I’m not a huge sci-fi reader, so to delve into something this big (it’s a BIG book people) felt quite daunting. And here comes my main but probably only real problem with this novel. I was expecting, for the length of it, to get well stuck into a story, into action and some resolutions. But I came away with so so so many questions, and the absolute knowledge that I’ll need to plough through three more of these books to get resolutions.
Which is kind of bittersweet. Because I did enjoy it, and I do REALLY want to know answers to so many things – but it’s an awful lot of time to invest into a story, and if the answers pay-off is this slow it will be a bit agonising!

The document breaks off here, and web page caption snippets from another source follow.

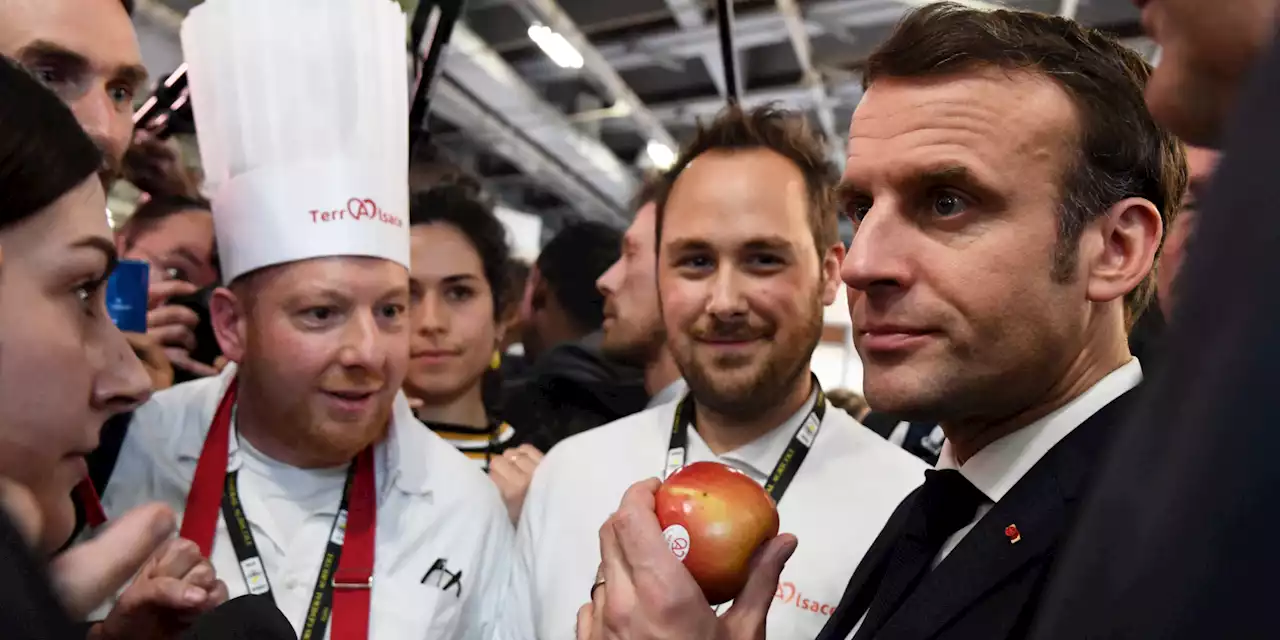 Salon de l'agriculture : Emmanuel Macron au contact des Français pour inaugurer la 58ème édition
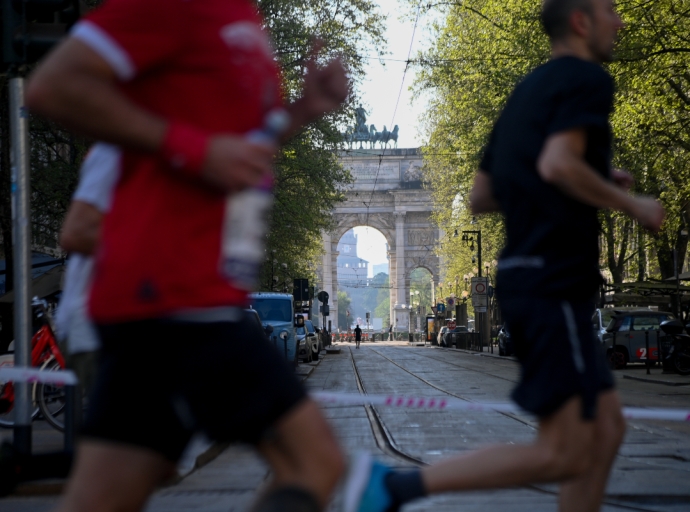 Primo Vernissage per la Milano Marathon 2026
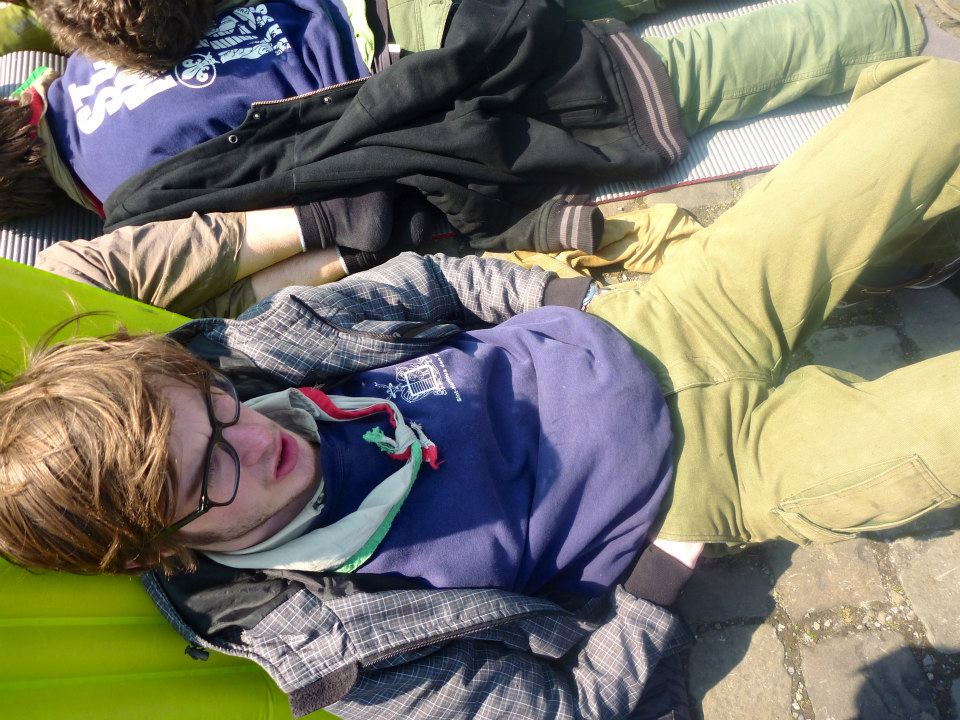 Sint-Martinus den XIIde - Paasdropping 2013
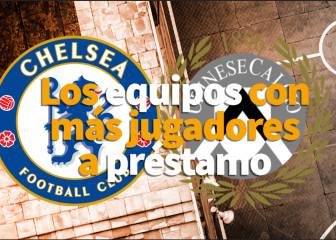 Chelsea entre los clubes con más jugadores a préstamo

The world is terrifically put together. I still don’t know a lot of things about it, but details were gradually revealed. There are fantasy elements as well as the sci-fi, which I was more at home with, and a lot dystopian themes as well: a central controlling government, vicious police-type people etc. And when I compare these elements to other dystopian novels I’ve read recently, Rise does very well. It wasn’t too much; it didn’t overemphasise but focussed on the characters and their journey.
The characters were great. The method of going between the main characters who were telling their stories of long ago meant we got to know each of them well, and it was interesting seeing the events through the different perspectives. I felt I knew them well, I was on their side, I wanted to know what on earth happened to them.
I need to know what happens next. Get the next one out please Brian!